◆ **Dataset records**

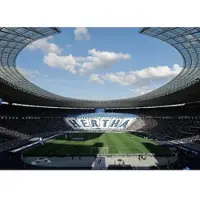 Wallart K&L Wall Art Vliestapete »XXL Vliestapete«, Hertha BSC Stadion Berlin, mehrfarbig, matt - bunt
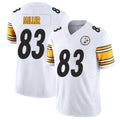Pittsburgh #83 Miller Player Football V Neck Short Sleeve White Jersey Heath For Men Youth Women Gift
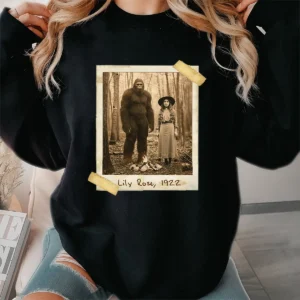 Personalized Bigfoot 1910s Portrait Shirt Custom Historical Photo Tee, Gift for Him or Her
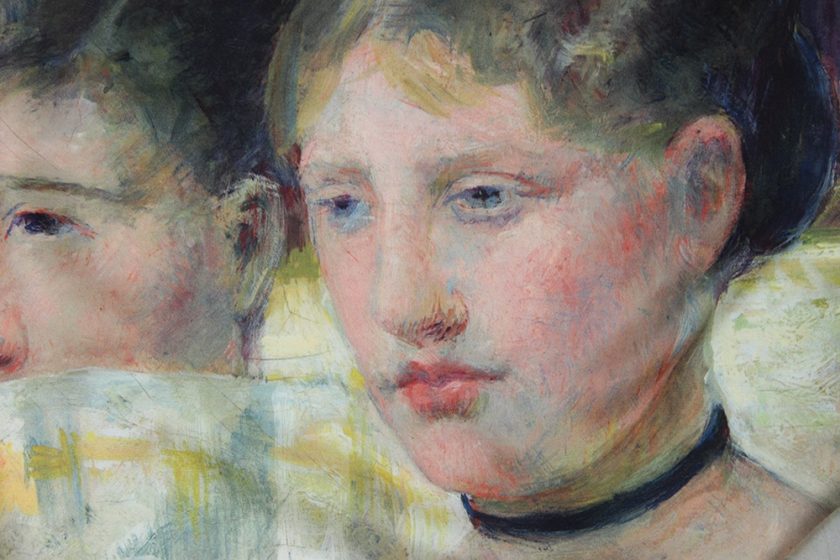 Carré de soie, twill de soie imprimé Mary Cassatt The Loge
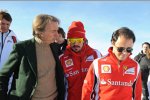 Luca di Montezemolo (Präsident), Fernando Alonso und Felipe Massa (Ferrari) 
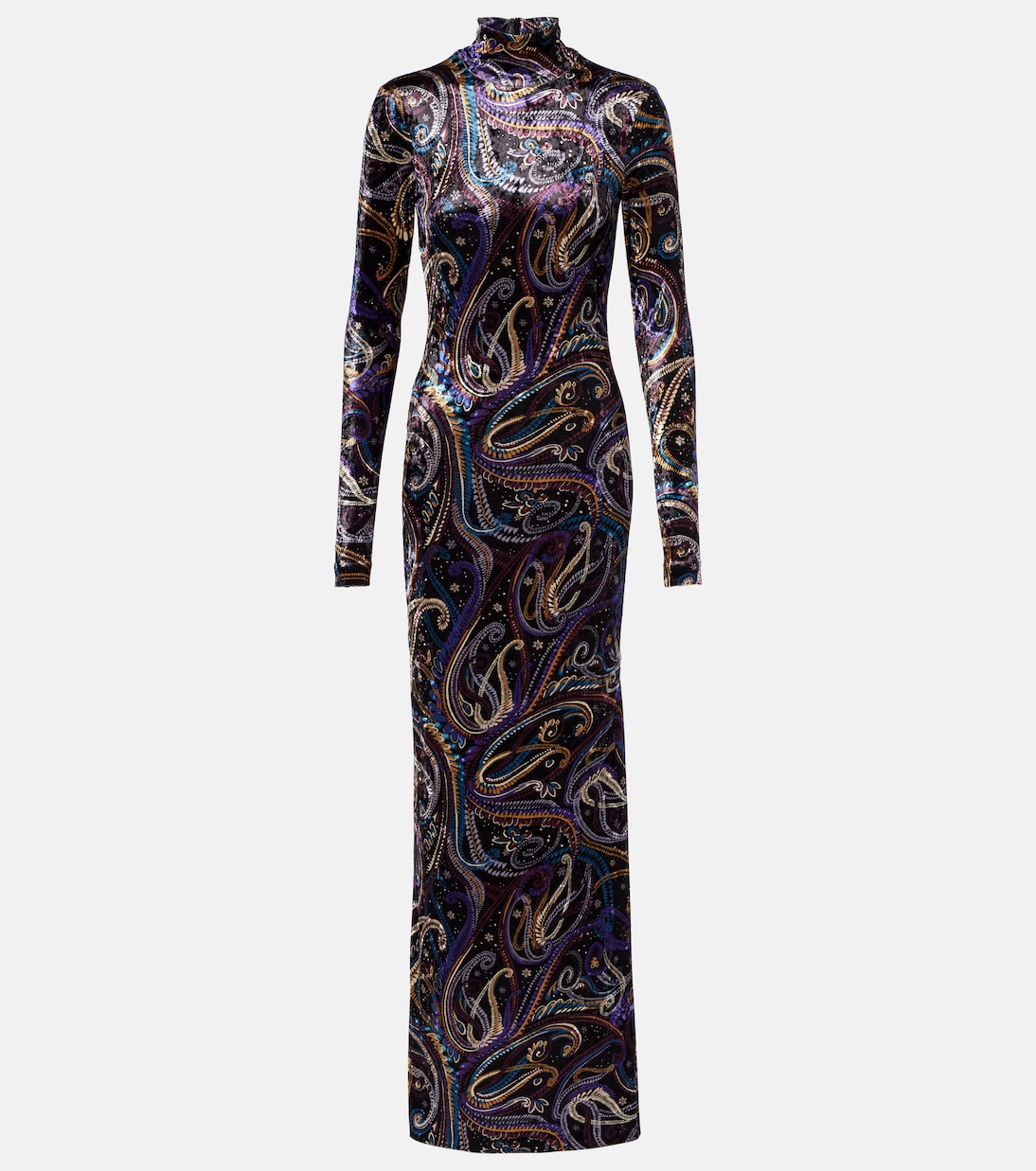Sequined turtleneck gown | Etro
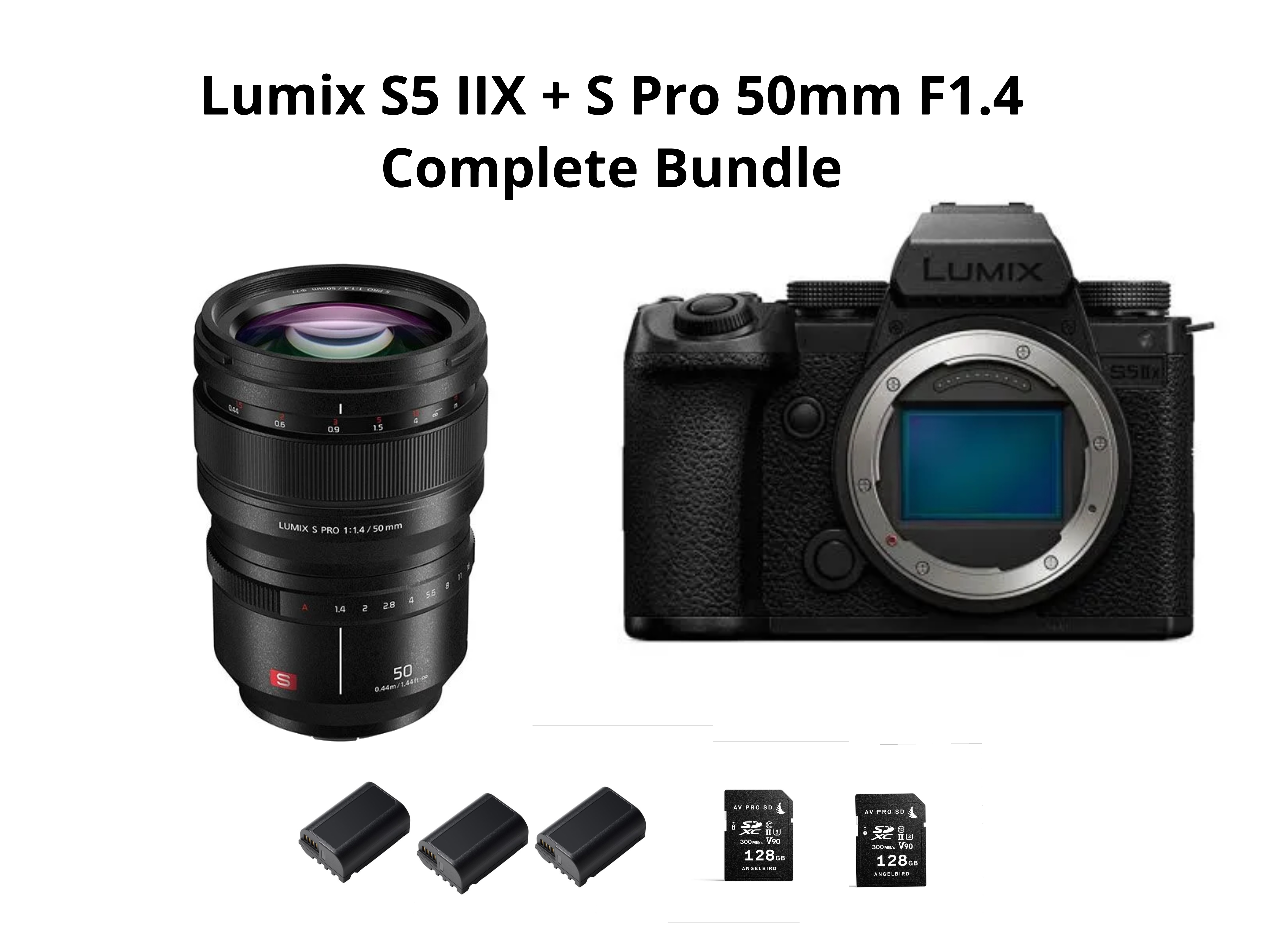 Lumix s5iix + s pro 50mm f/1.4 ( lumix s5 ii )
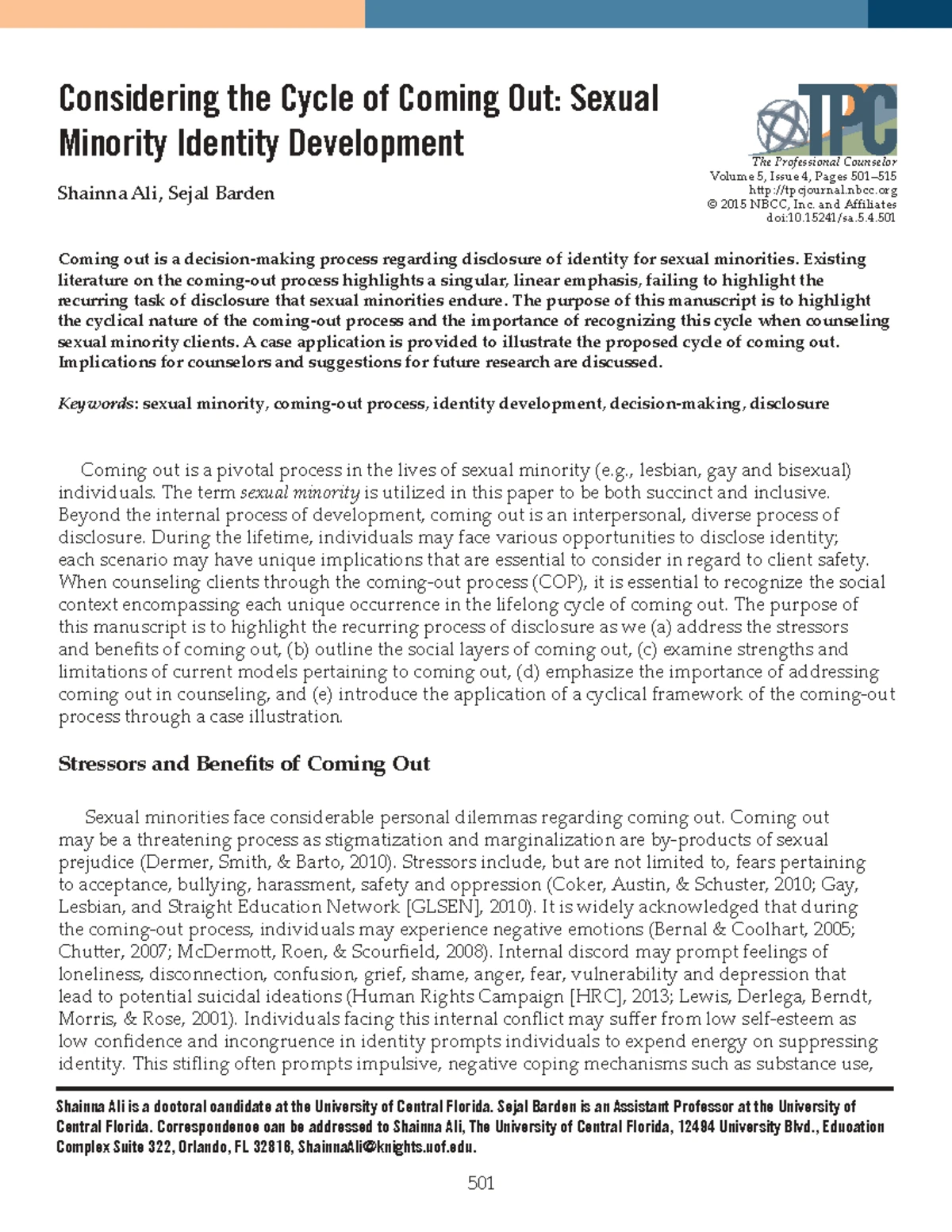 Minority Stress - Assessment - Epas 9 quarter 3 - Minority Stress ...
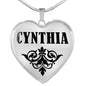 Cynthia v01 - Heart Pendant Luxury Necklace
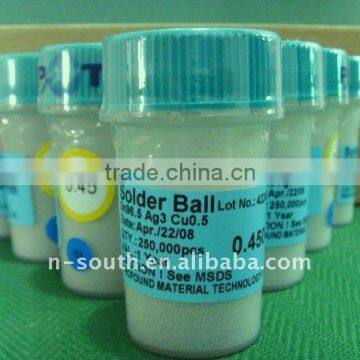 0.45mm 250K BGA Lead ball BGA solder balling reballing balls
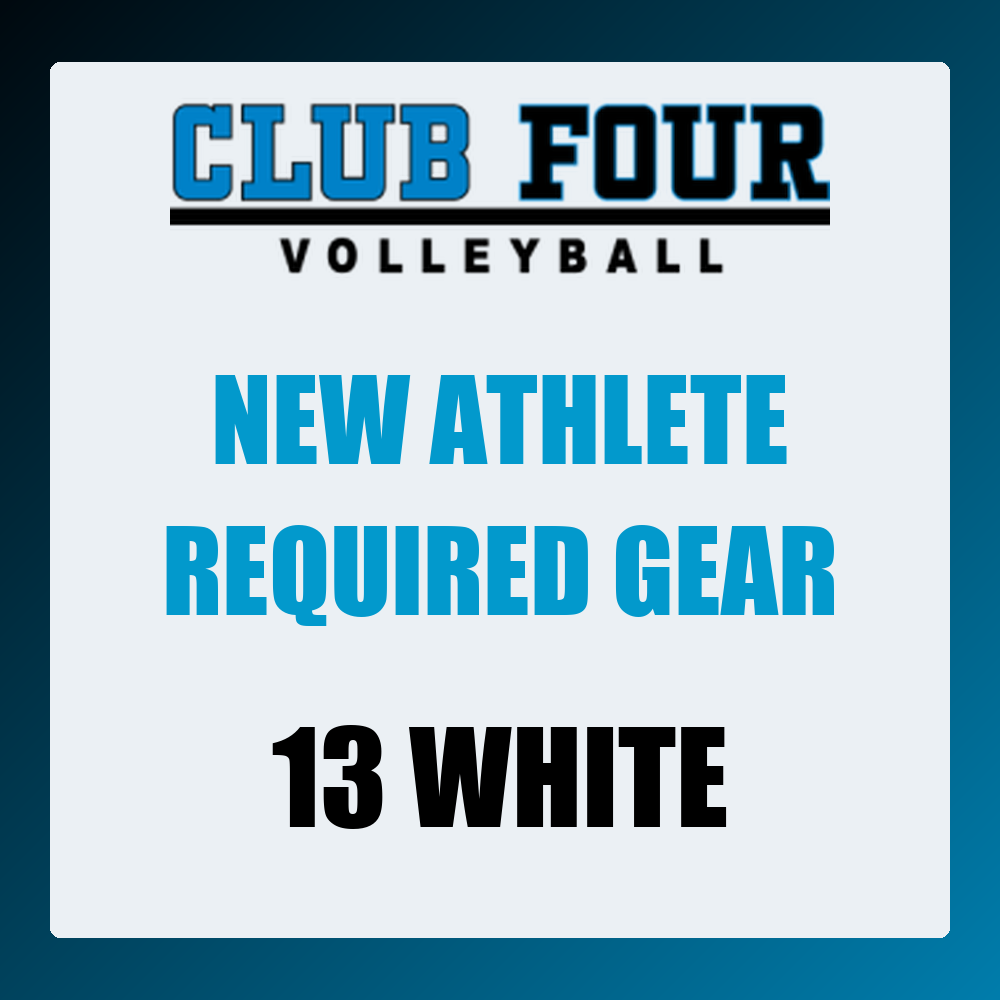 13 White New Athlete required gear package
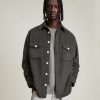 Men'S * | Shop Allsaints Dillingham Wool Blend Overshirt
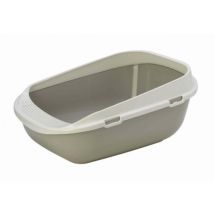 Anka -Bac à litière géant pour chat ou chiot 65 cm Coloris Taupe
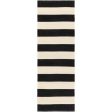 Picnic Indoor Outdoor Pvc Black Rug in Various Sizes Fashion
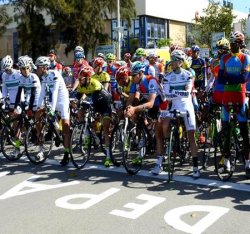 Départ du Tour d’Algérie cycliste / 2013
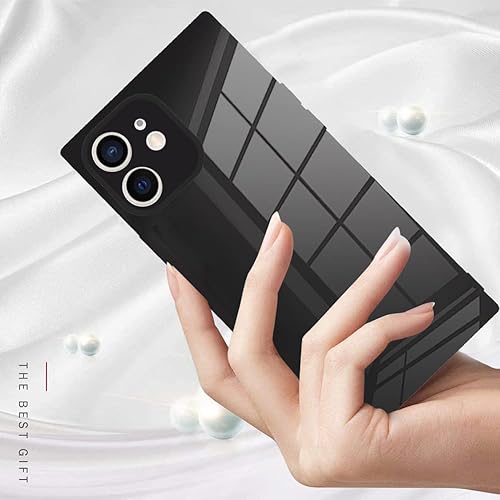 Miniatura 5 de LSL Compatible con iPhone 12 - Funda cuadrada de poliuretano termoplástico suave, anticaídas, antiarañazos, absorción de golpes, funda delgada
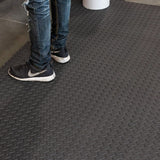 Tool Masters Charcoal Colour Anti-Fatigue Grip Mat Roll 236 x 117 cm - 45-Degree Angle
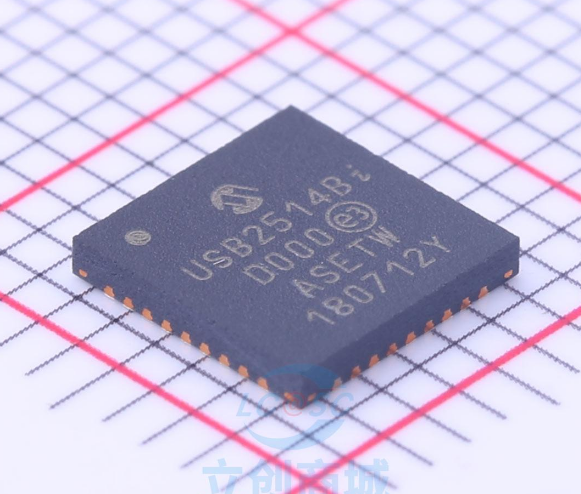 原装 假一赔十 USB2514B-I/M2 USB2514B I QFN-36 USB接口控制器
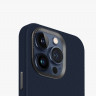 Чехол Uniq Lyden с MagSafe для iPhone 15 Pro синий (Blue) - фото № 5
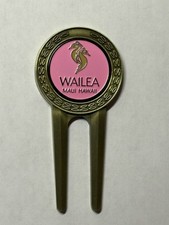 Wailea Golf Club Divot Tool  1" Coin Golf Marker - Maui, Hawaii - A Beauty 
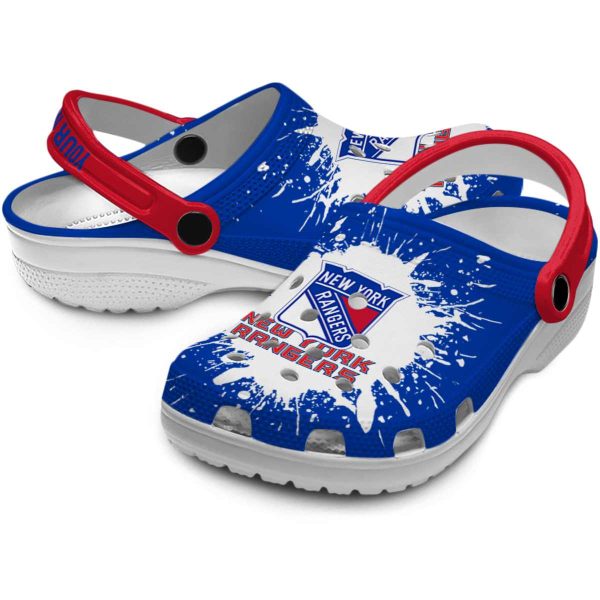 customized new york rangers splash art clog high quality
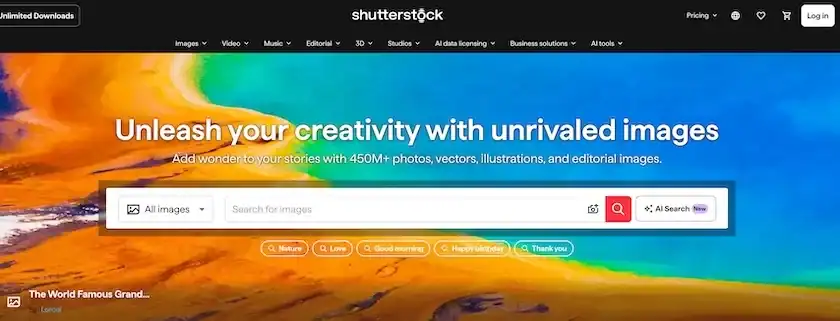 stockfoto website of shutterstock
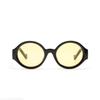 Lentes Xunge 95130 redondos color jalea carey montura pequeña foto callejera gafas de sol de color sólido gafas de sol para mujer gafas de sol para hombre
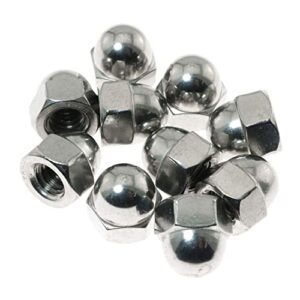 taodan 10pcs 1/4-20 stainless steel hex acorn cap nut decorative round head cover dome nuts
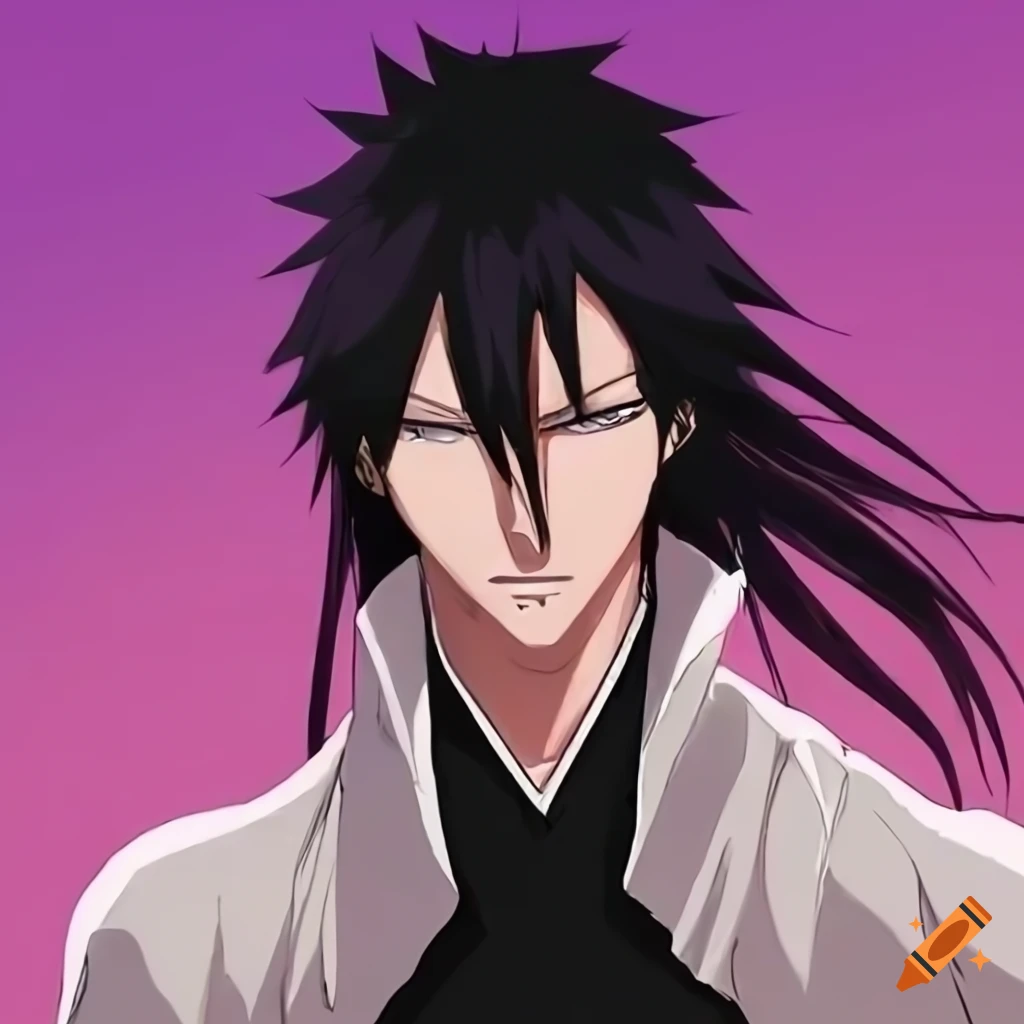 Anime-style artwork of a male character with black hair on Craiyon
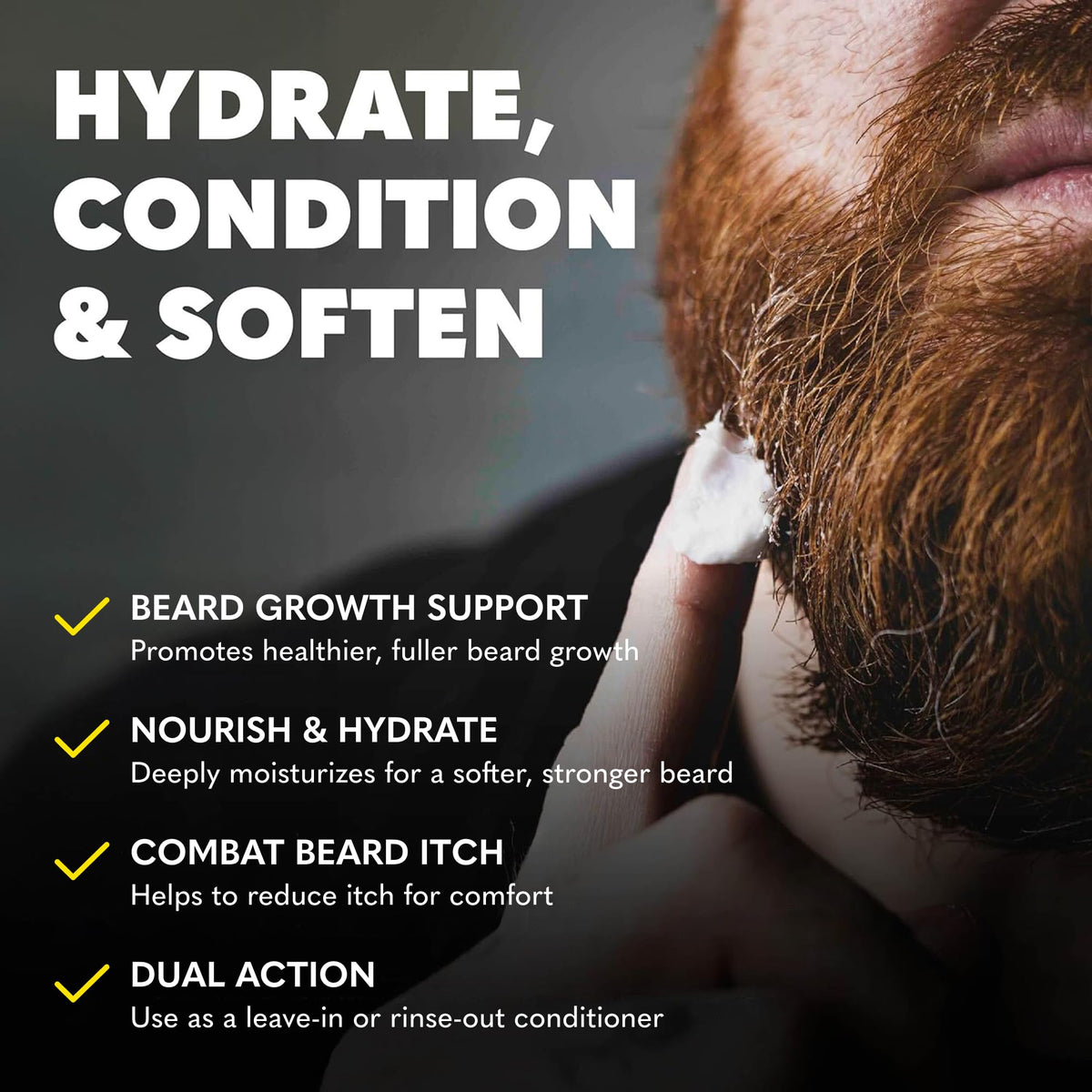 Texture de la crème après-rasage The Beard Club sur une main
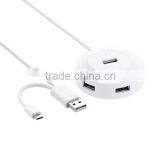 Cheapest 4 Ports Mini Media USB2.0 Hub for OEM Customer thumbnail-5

◆ **Directions**
For this exercise, output the records exactly but omit their pictures.

◆ **Answer section**
 Wallart K&L Wall Art Vliestapete »XXL Vliestapete«, Hertha BSC Stadion Berlin, mehrfarbig, matt - bunt
Pittsburgh #83 Miller Player Football V Neck Short Sleeve White Jersey Heath For Men Youth Women Gift
 Personalized Bigfoot 1910s Portrait Shirt Custom Historical Photo Tee, Gift for Him or Her
 Carré de soie, twill de soie imprimé Mary Cassatt The Loge
 Luca di Montezemolo (Präsident), Fernando Alonso und Felipe Massa (Ferrari) 
Sequined turtleneck gown | Etro
 Lumix s5iix + s pro 50mm f/1.4 ( lumix s5 ii )
 Minority Stress - Assessment - Epas 9 quarter 3 - Minority Stress ...
 Cynthia v01 - Heart Pendant Luxury Necklace
 0.45mm 250K BGA Lead ball BGA solder balling reballing balls
 13 White New Athlete required gear package
 Men'S * | Shop Allsaints Dillingham Wool Blend Overshirt
 Anka -Bac à litière géant pour chat ou chiot 65 cm Coloris Taupe
 Picnic Indoor Outdoor Pvc Black Rug in Various Sizes Fashion
 Départ du Tour d’Algérie cycliste / 2013
 Miniatura 5 de LSL Compatible con iPhone 12 - Funda cuadrada de poliuretano termoplástico suave, anticaídas, antiarañazos, absorción de golpes, funda delgada
 Tool Masters Charcoal Colour Anti-Fatigue Grip Mat Roll 236 x 117 cm - 45-Degree Angle
 原装 假一赔十 USB2514B-I/M2 USB2514B I QFN-36 USB接口控制器
 Чехол Uniq Lyden с MagSafe для iPhone 15 Pro синий (Blue) - фото № 5
 Wailea Golf Club Divot Tool  1" Coin Golf Marker - Maui, Hawaii - A Beauty 
 customized new york rangers splash art clog high quality
 stockfoto website of shutterstock
 Lentes Xunge 95130 redondos color jalea carey montura pequeña foto callejera gafas de sol de color sólido gafas de sol para mujer gafas de sol para hombre
 taodan 10pcs 1/4-20 stainless steel hex acorn cap nut decorative round head cover dome nuts
 Anime-style artwork of a male character with black hair on Craiyon
 Texture de la crème après-rasage The Beard Club sur une main
 Cheapest 4 Ports Mini Media USB2.0 Hub for OEM Customer thumbnail-5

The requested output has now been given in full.